Sure enough, TESS first saw the light from this event on Jan. 21, over a week before it was officially discovered. The reason no one knew right away is that TESS only transmits its data to Earth every two weeks, so no one knew about it at the time. Still, the data has proven very useful in understanding what happened.

So, what happened?

Well, a black hole ate a star. (!!!) From the data, it looks like it was a supermassive black hole, about six million times the Sun’s mass, sitting in the center of that distant galaxy. A star got too close, and the gravity from the black hole ripped it apart.

This part cracks me up: These are called tidal disruption events, or TDEs, perhaps the most prosaic and mundane name for one of the Universe’s most violent and catastrophic events.

Tides are what astronomers call the effect of gravity changing with distance. As you move away from a massive object the gravity you feel from it gets weaker. A black hole has ferocious gravity. A star is a big object, and so if it happens to have a particularly unfortunate trajectory that takes it close to a black hole, the side of the star closer to the black hole feels a far stronger force of gravity than the side of the star facing away from the black hole. The overall effect is a stretching, literally pulling the star apart like taffy.

Artwork showing a star (center) getting torn apart by a black hole (upper left). Credit: Robin Dienel, courtesy of the Carnegie Institution for Science

In the case of a black hole and a star, the star is actually ripped to shreds. When this happens, the forces inside the star cause it to erupt, explode, and release huge amounts of energy. At the same time, a long tail of stellar material is thrown away from the black hole, and a large portion of the star’s mass falls into a disk around it that can glow hot for a long time.

In this case, the star’s agonizing death scream blew out 32 billion times as much energy as the Sun emits. That’s as much energy as whole galaxies emit!
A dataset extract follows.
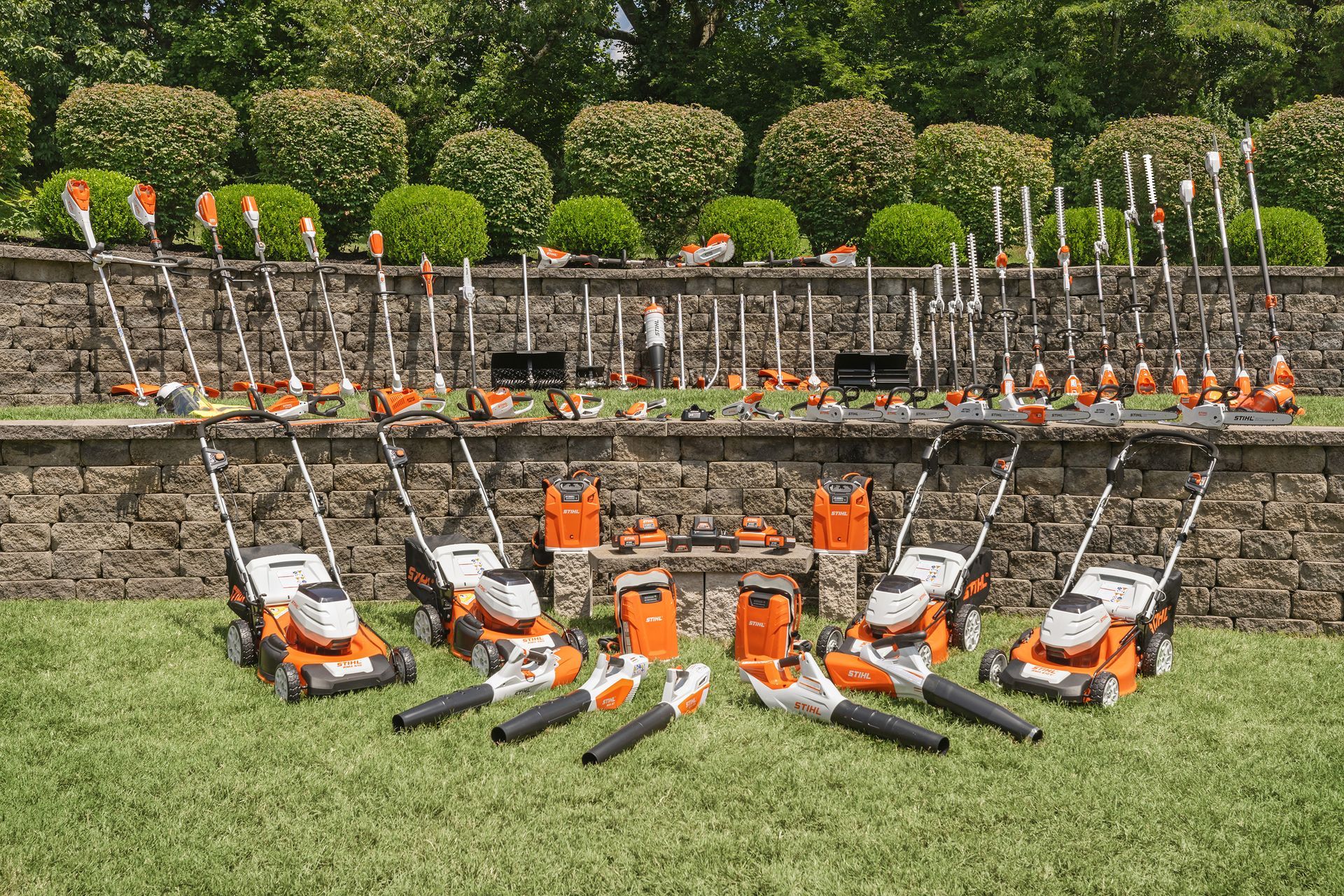 A collection of orange and white STIHL outdoor power tools arranged on grass, in front of a stone wall and hedges.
In the lead-up to peak brightness, which took about 40 days, it emitted a total amount of energy equal to what the Sun puts out in two and a half billion years.

YE. GADS.

No wonder this could be seen hundreds of millions of light years away. It’s a singularly terrifying event.

A few dozen such TDEs have been seen now — they only happen every tens or hundreds of millennia in any given galaxy, so they’re rare — and we’re starting to understand the specific physics of them better: how the black hole pulls them apart, the processes that go on to cause it to erupt, and what the light looks like as it blasts away from the star. However, there are still surprises; in this one the brightness spiked by about 60% and then faded a bit around a month before the overall peak. It’s not clear what this means, and it’s never been seen in a TDE before. It may be typical, whatever it is, and it’s just never been seen before because no TDE has been spotted this early before.
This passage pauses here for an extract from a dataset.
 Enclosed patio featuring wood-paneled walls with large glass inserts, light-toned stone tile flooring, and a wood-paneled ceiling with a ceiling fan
That’s the power of these surveys! If we have to wait until something gets obvious, we’ll miss lots of interesting stuff, but with so many eyes on the sky, looking all over the sky, and looking deep (that is, to fainter objects), we’re bound to spot a whole bevy of fun things we didn’t even know existed before.

Mind you, we didn’t know exoplanets even existed before 1992, and now we know of thousands. That’s the main reason TESS was built, to look at brighter nearby stars and help us understand our neighborhood of planetary systems. But like so many things in science, it can be used for so much more than even its amazing prime mission.

And we’ll be seeing much, much more. More survey telescopes are coming online soon, and the amount of data they’ll produce is vast. What other mysteries, things we haven’t even suspected, are happening over our heads right now that we’re about to discover?